脚力には自信がある。素早い踏み込みで、女の腹に一撃を
「や~めた」
いれなかった。というか、今回は本能的にいれられなかった。
冷静に考えれば、目の前の女が妊娠していたりしない保証がどこにあるだろうか? もし仮に彼女の腹に子供が居たなら、殺してしまうことになる。
流石に罪のない人間を殺せるほど、彼はロクデナシではない。
「ハフっ」
また笑った。やはり、イライラするが何だろうか? 心の中のモヤモヤは取れた。
「悩みは、楽に、なりました?」
区切り区切りに女が声をかけてきた。
どうやら、初めから蒼井が悩んでいることに気が付いていたらしい。
しかし、そうなると疑問が生じる。
「俺に突っかかりがあったの、気付いてんならなんでわざわざ挑発してきた?」
そう、先に手を出したのは蒼井にしろ、手を出される原因は女にあったのだ。
今回ばかりは蒼井が途中で吹っ切れたから良かったものの、普通はそのまま殴られる筈だ。
つまり、女は殴られようとしたに近い。
その点が、蒼井には理解出来なかった。
「……稲妻の、力。

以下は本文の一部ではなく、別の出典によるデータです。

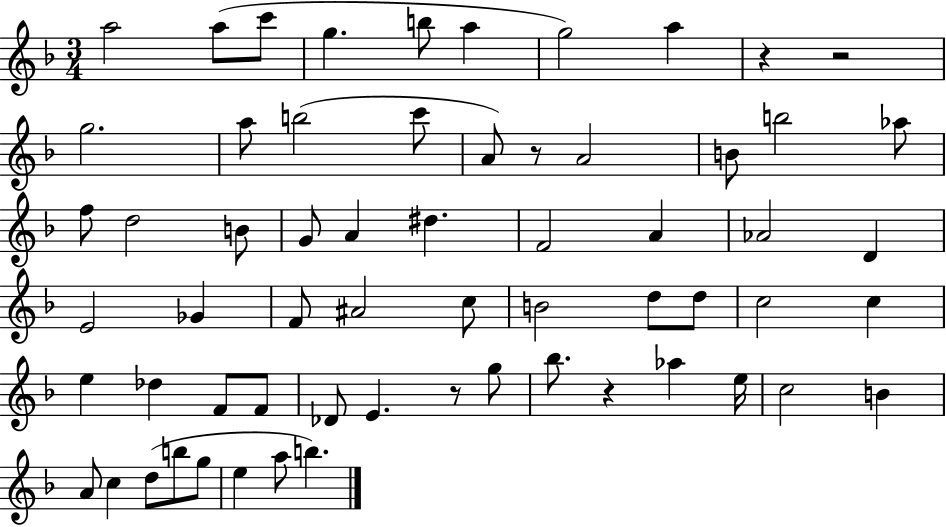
{
  \clef treble
  \numericTimeSignature
  \time 3/4
  \key f \major
  a''2 a''8( c'''8 | g''4. b''8 a''4 | g''2) a''4 | r4 r2 | \break g''2. | a''8 b''2( c'''8 | a'8) r8 a'2 | b'8 b''2 aes''8 | \break f''8 d''2 b'8 | g'8 a'4 dis''4. | f'2 a'4 | aes'2 d'4 | \break e'2 ges'4 | f'8 ais'2 c''8 | b'2 d''8 d''8 | c''2 c''4 | \break e''4 des''4 f'8 f'8 | des'8 e'4. r8 g''8 | bes''8. r4 aes''4 e''16 | c''2 b'4 | \break a'8 c''4 d''8( b''8 g''8 | e''4 a''8 b''4.) | \bar "|."
}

正常に作用しているのが、分かってたから。ハフっ」
「――!」
“稲妻”という単語に蒼井は目を見開く。
まさか……あれを見られていたのか――!!
いや、火災現場にこんなに特徴的な人間が居たなら、直ぐに分かる。それに、稲妻に詳しいような物言いだ。
間違いない。目の前の女は何かを知っている。
「……稲妻はなんだ」
気が付けば、勝手にそんな質問をなげかけていた。
無意識だったが、きっと思考が正常に回っていても同じ質問をしていたのだろう。
女の、表情を伺うことの出来ないサングラスを見つめてみる。一度、強く太陽光を反射した気がした。
「“アーシア”だから」
「アーシア?」
「貴方達のような、人達の、集まる所」
呆然とした。つまり、自分のような能力者が何人もいるということらしい。少なくとも、一組織を作れるほどには。
蒼井は、不思議な感覚と共に自分以外にもこんな能力を持つものがいると安心感を得ていた。
どんな顔をしていたのか。きっとマヌケな顔だったのだろう。そんな蒼井に女は手を差し出した。